> _Data supplied_:
* * * *
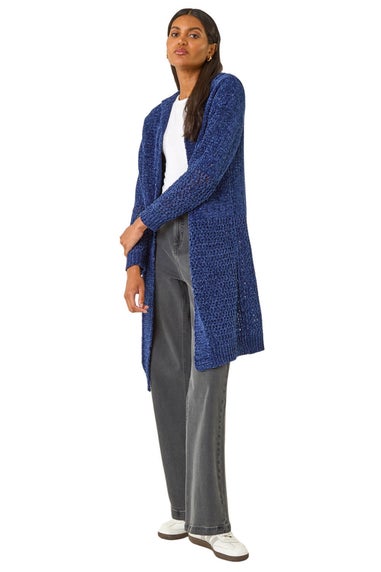 Roman Midnight Blue Soft Chenille Hooded Cardigan
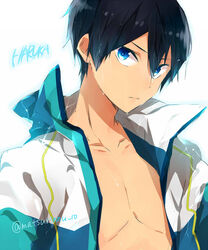  1boy black_hair blue_eyes high_speed! male_focus matsurinnu nanase_haruka_(free!) 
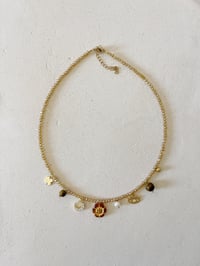 Image 1 of Collier PEONIE // marron Œil de tigre 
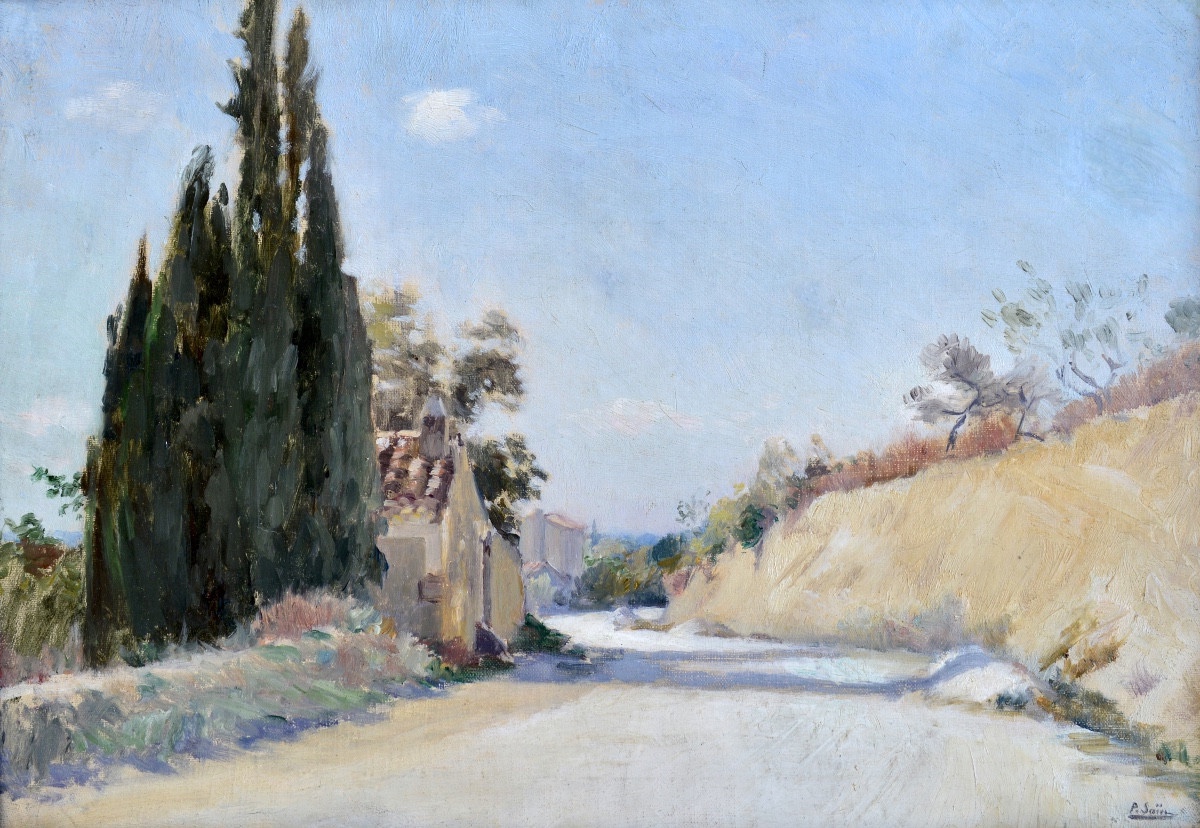 SAÏN Paul (1853-1908) " Une route en Provence " Avignon Villeneuve Grivolas Paris Alpilles
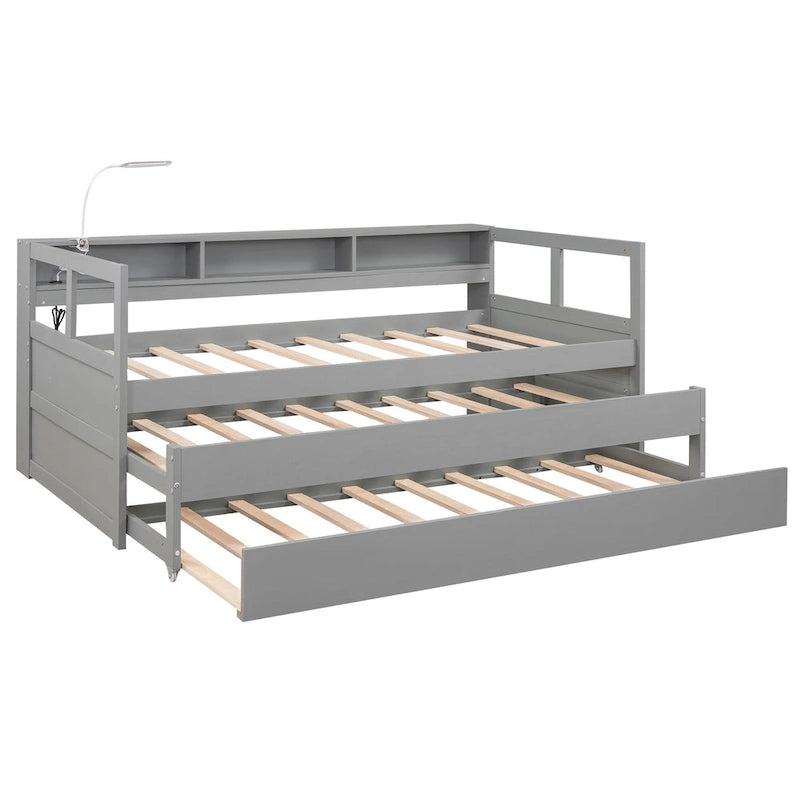 Twin XL Wood Daybed with 2 Trundles and USB Charging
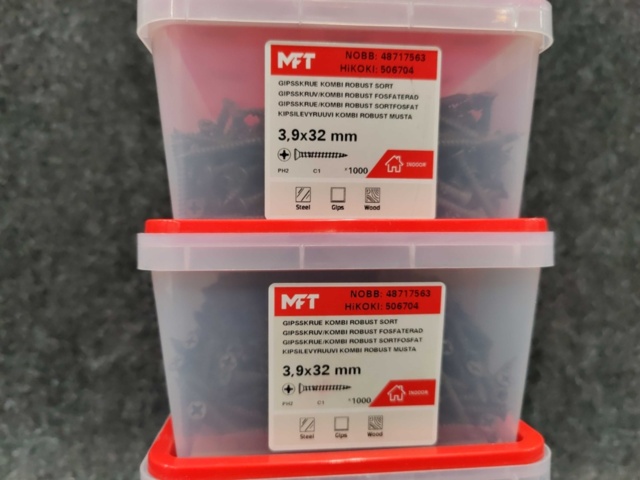1559098-5 4 st Förpackningar Gipsskruv Kombi 3,9x32mm, MFT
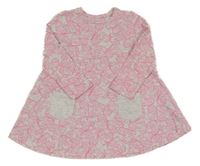 Svetlošedá -ružové melírované šaty so srdiečkami Mothercare
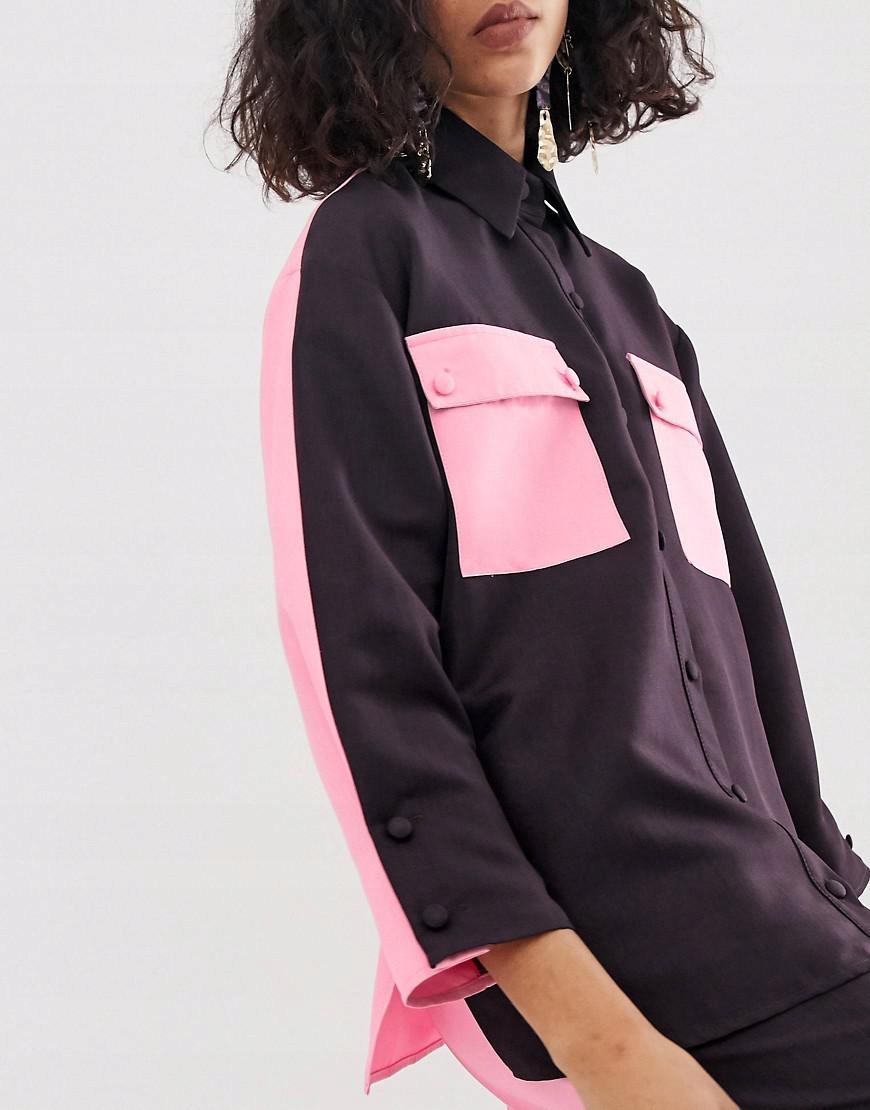 L5B119*KOSZULA RÓŻOWO-FIOLETOWA CASUAL Marka inna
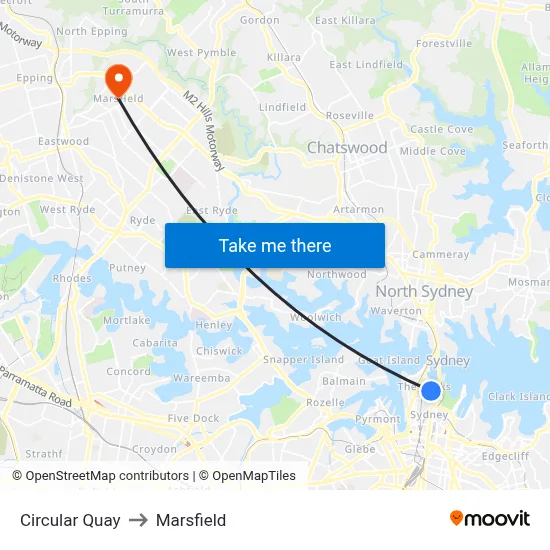 Circular Quay to Marsfield map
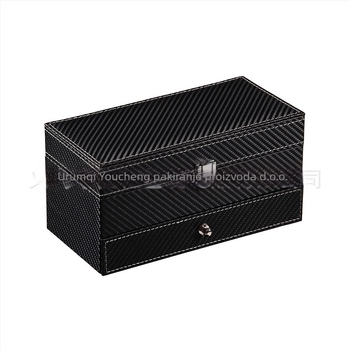 Drvena kutija za satove, 4 odjeljka, dvostruki sloj, skladištenje nakita, marka Excellent Journey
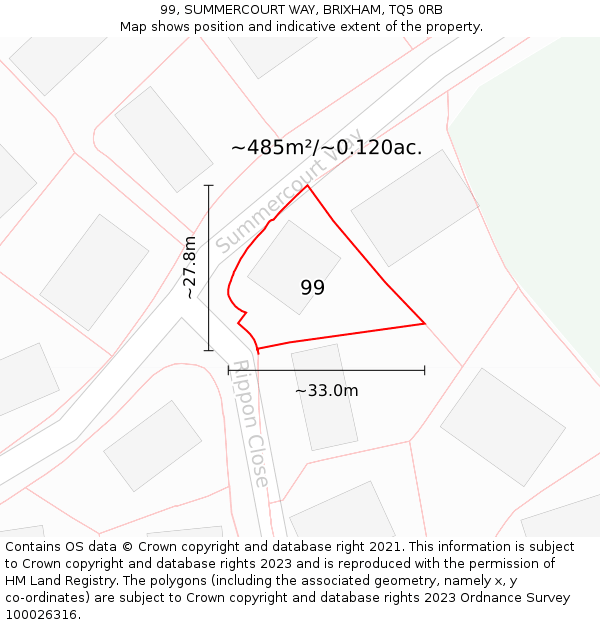 99, SUMMERCOURT WAY, BRIXHAM, TQ5 0RB: Plot and title map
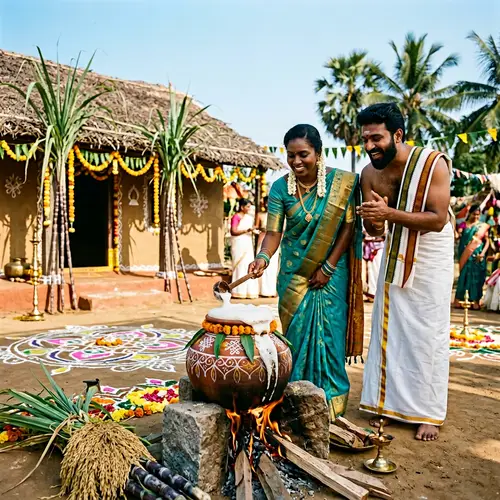Traditional Pongal Harvest Festival Celebration in South India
* * * *
Print each line from the one containing "Drvena kutija za" through the last line of the listing, both included, exactly and with no pictures.

 Drvena kutija za satove, 4 odjeljka, dvostruki sloj, skladištenje nakita, marka Excellent Journey
 99, SUMMERCOURT WAY, BRIXHAM, TQ5 0RB: Plot and title map
Traditional Pongal Harvest Festival Celebration in South India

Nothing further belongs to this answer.